CMPS-012B • Spring 2013 • Program 5 • Hashing and Spell Checking page 4 of 5
(vi) To perform doubling, use the following pseudocode :
allocate a new array and set all its pointers to NULL
for each entry in the old array :
while that entry is not null :
pop the hash node from the front of the list
recompute the hash number and hash index for the new array
push the hash node onto that index of the new array
free the old array
point the struct hash at the new array
Note that initial insertion does a strdup(3c), but here, only the pointer is copied.
(vii) Implement the debugging requirements. For the -x option given once, print out a table like the
following, with numbers actually gleaned from the hash table.
25143 words in the hash set
65535 size of the hash array
24802 chains of size 1
100 chains of size 2
40 chains of size 3
3 chains of size 7
A cluster is any run of adjacent non-null pointers. Print out a cluster message for each different number of cluster sizes. This verifies that your hash table is reasonably implemented.

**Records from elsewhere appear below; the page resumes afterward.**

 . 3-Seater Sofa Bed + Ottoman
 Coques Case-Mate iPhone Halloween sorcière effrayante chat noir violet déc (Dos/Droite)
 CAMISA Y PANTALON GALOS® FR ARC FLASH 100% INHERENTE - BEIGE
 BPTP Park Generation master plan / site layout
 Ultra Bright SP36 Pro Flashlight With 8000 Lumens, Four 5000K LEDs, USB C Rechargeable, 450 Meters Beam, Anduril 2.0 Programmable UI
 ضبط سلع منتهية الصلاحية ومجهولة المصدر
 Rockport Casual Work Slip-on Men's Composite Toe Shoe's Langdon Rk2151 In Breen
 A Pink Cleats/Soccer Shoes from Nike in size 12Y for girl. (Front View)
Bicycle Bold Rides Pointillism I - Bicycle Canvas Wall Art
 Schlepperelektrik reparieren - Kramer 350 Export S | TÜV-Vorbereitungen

(viii) If the -x option is specified more than once, follow this clustering information with an actual
dump of the hash set, printing out each entry with subscript, hash code, and string. For elements of the same chain, print out the subscript only once. Print out only those entries that are
not null. For example :
array[ 20] = 2489332 “foobar”
= 2872521232 “testing”
array[ 24] = 3482567 “quux”
This indicates that chain 20 has ‘‘foobar’’ and ‘‘testing’’, and that chain 24 has ‘‘quux’’. Use the
format string
“array[%10d] = %12u \”%s\”\n”
for the first item on a chain, and a similar format without the array index for the other items.

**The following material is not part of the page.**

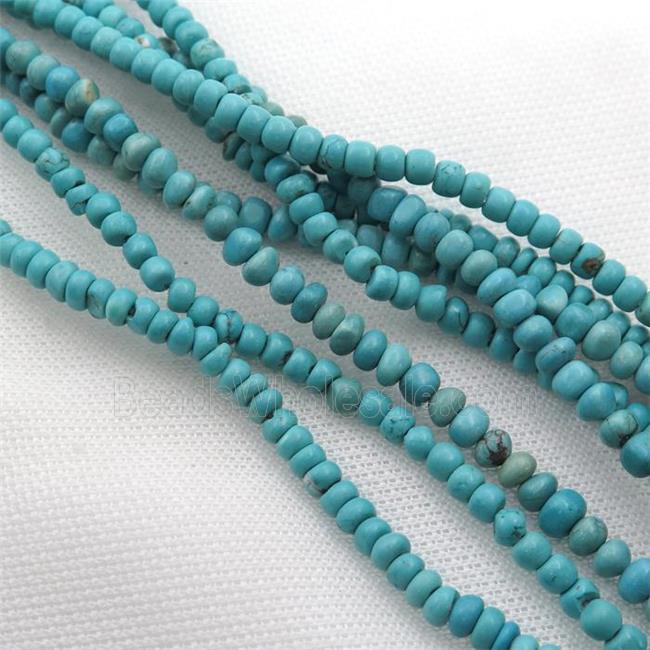 blue Magnesite Turquoise chip beads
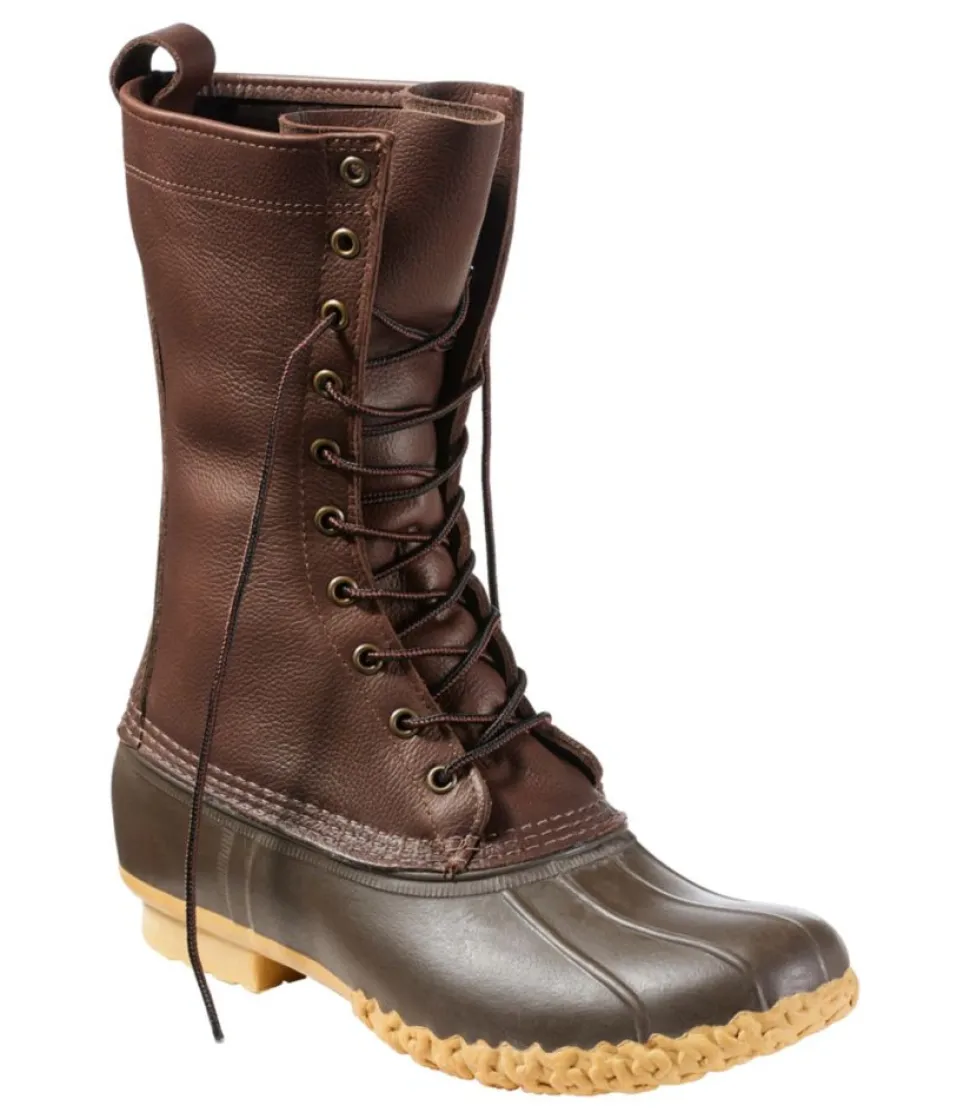 Discount L.L.Bean "Men's Maine Hunting Shoes, 12"" Brown/Brown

Neatly align everything in vertical columns.
6. Implementation — The final stages
At this point the program is almost complete. A few more things need to be done.
(i) The scanner scanner.l is written in the flex language and extracts words from a file that has
been opened for the FILE* variable yyin. It is used to generate the C module scanner.c, the contents of which you do not need to read. Just treat it like any other library module.

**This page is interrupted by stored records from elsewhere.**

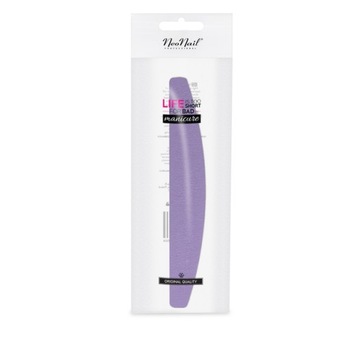NeoNail Polerka łódka 100/180 - fioletowa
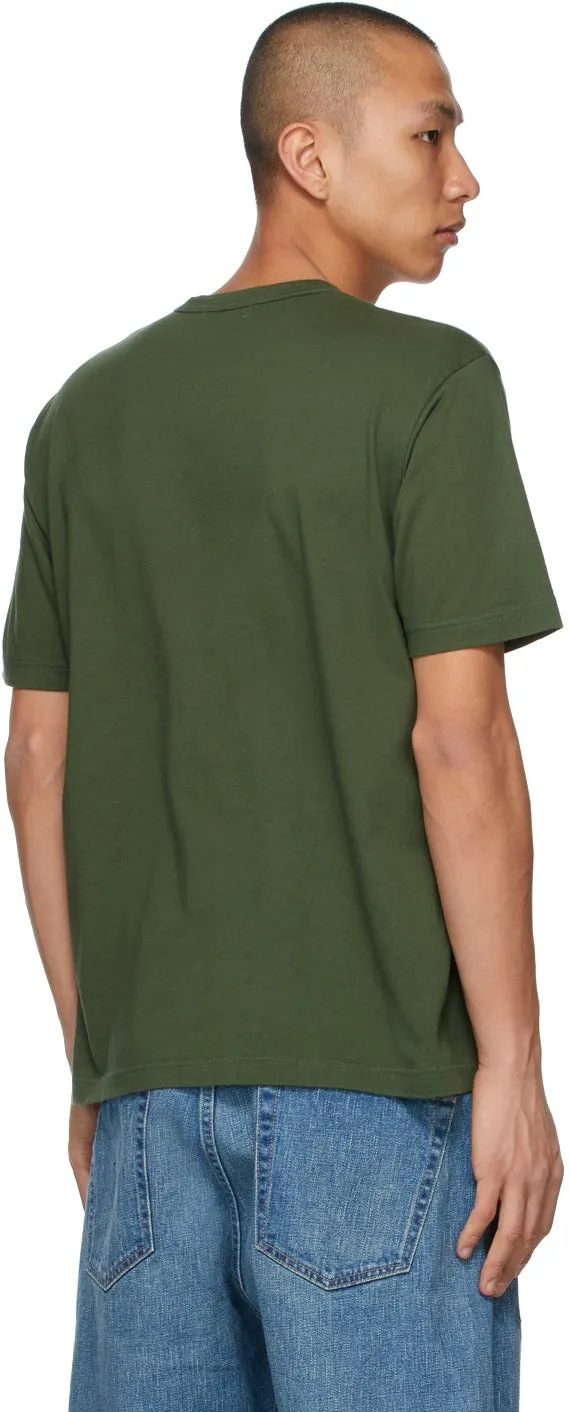 Junya Watanabe Khaki 'eYe' T-Shirt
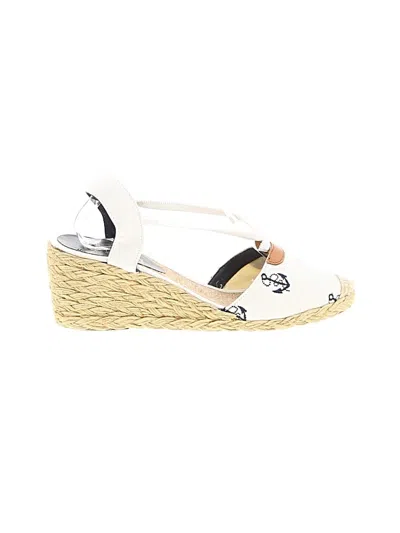 Pre-owned Polo Ralph Lauren Wedges In White
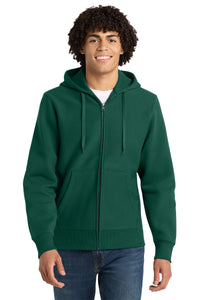 Sport-Tek Super Heavyweight Full-Zip Hooded Sweatshirt - Dark Green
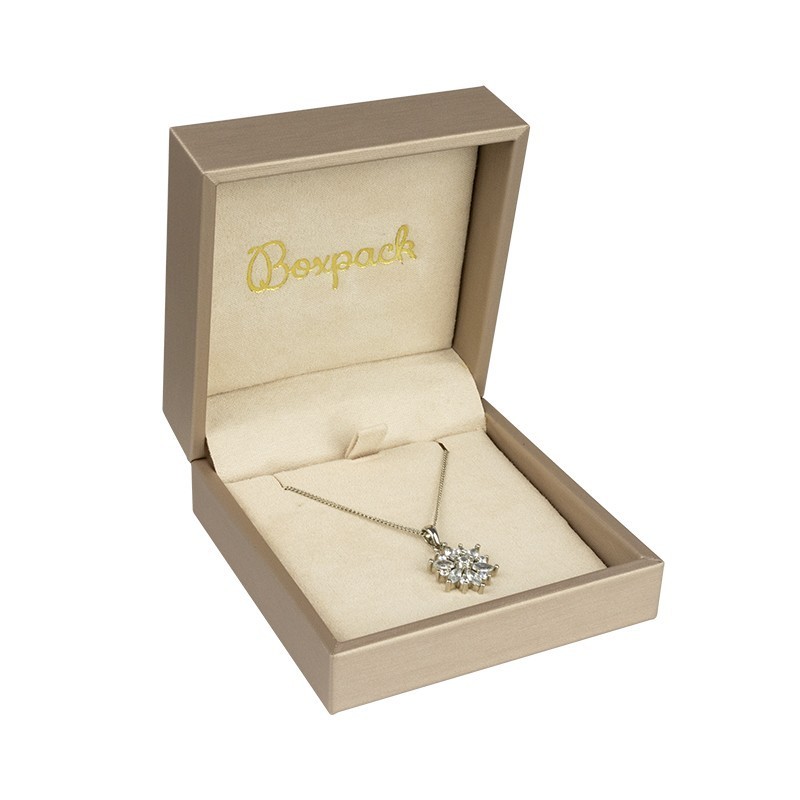 ESTUCHE PARA COLGANTE COLOR CHAMPAGNE 90x90x44 Mm. MT-5-C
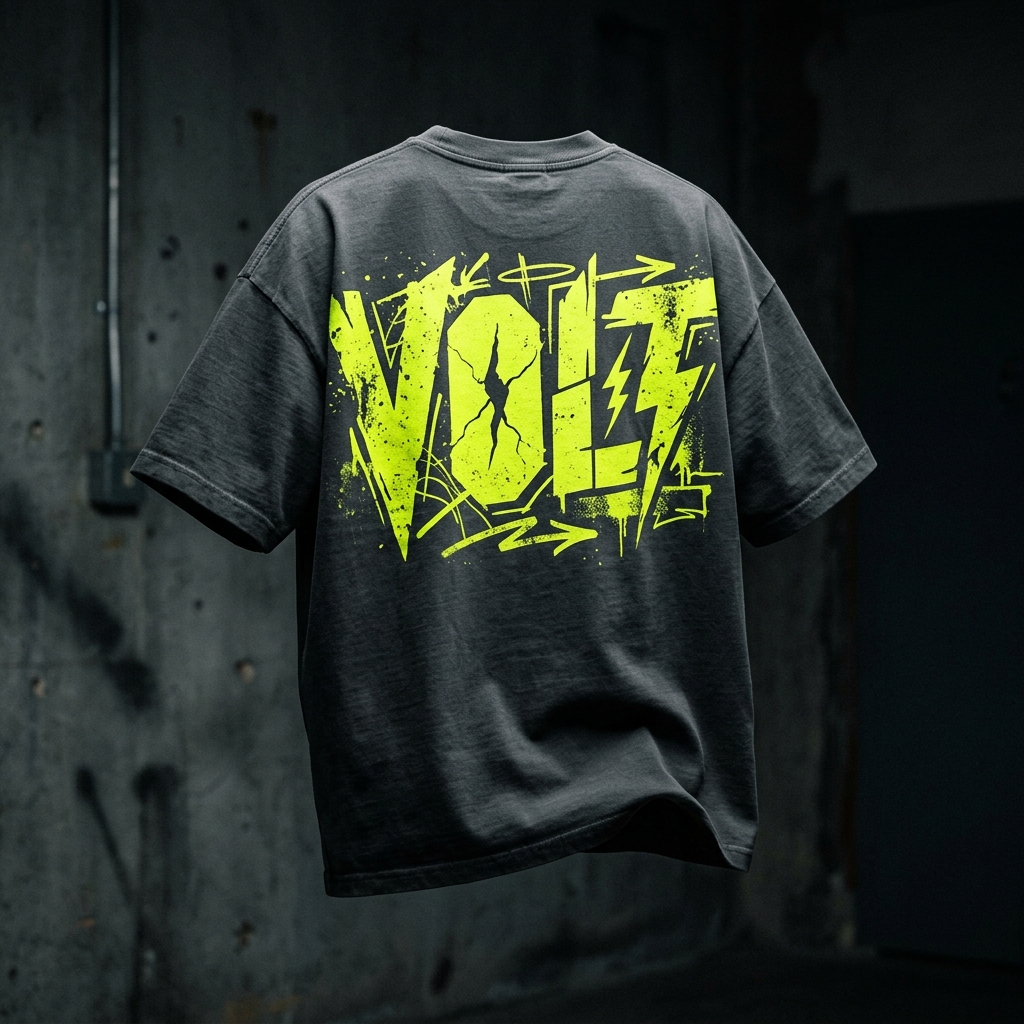 Abstract Volt Tee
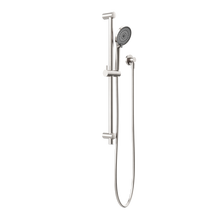 Round Metal Project Rail Shower Brushed Nickel
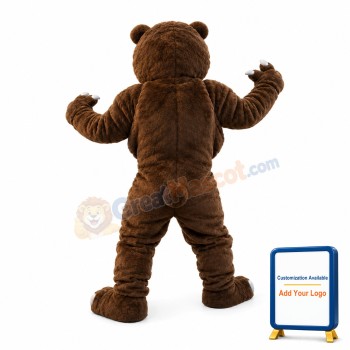 Fierce Power Grizzly Bear Mascot Costume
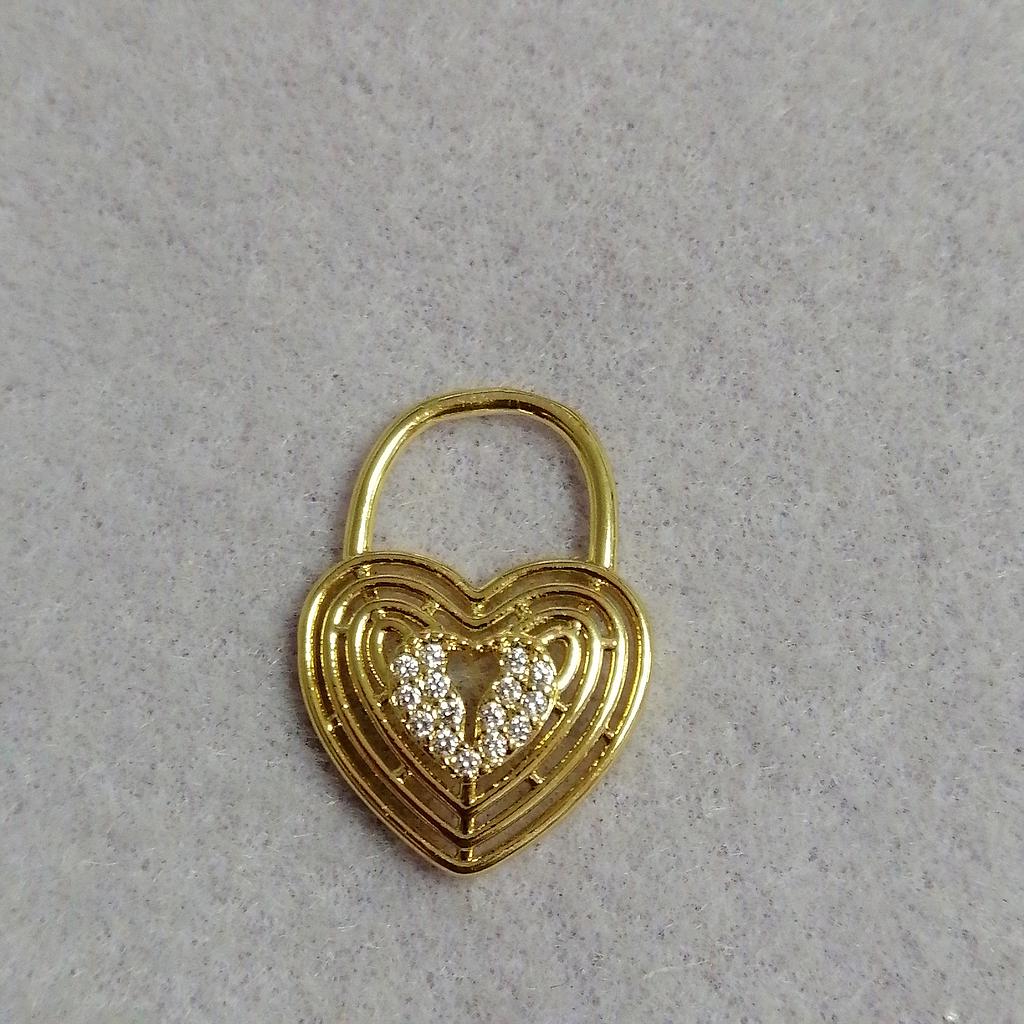 DIJE CORAZON MICROCIRCONIA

(ii) Implement the function spellcheck so that for each word that is found, the word is looked up in
the dictionary. If it is not found, convert the word to lower case (tolower(3c)), and then look it
up again. This is done so that capitalized words, such as at the beginning of a sentence, will be
found. Proper names in the dictionaries are given in upper case, so will not be found if spelled
in lower case.
(iii) Make sure the exit status of the program is correct as defined in the man page at the beginning
of this document. Run gdb and valgrind to verify that you have no memory problems.
(iv) If you have time, eliminate memory leak by freeing up all of storage. Check the errors file generated by valgrind.
(v) Use checksource and lint to verify good coding style. Read Coding-style/.
CMPS-012B • Spring 2013 • Program 5 • Hashing and Spell Checking page 5 of 5
7. What to submit
README, Makefile, debugf.h, hashset.h, strhash.h, yyextern.h, debugf.c, hashset.c, spellchk.c,
strhash.c, scanner.l. Do not submit the file scanner.c, which will be created when gmake is run. Do
not submit any files that are built by gmake. Verify that the submit target in the Makefile is in fact
correct and really does submit all files needed to build the target and does not submit any files that
need to be generated. If you are doing pair programming, carefully follow the instructions in /afs/
cats.ucsc.edu/courses/cmps012b-wm/Syllabus/pair-programming/.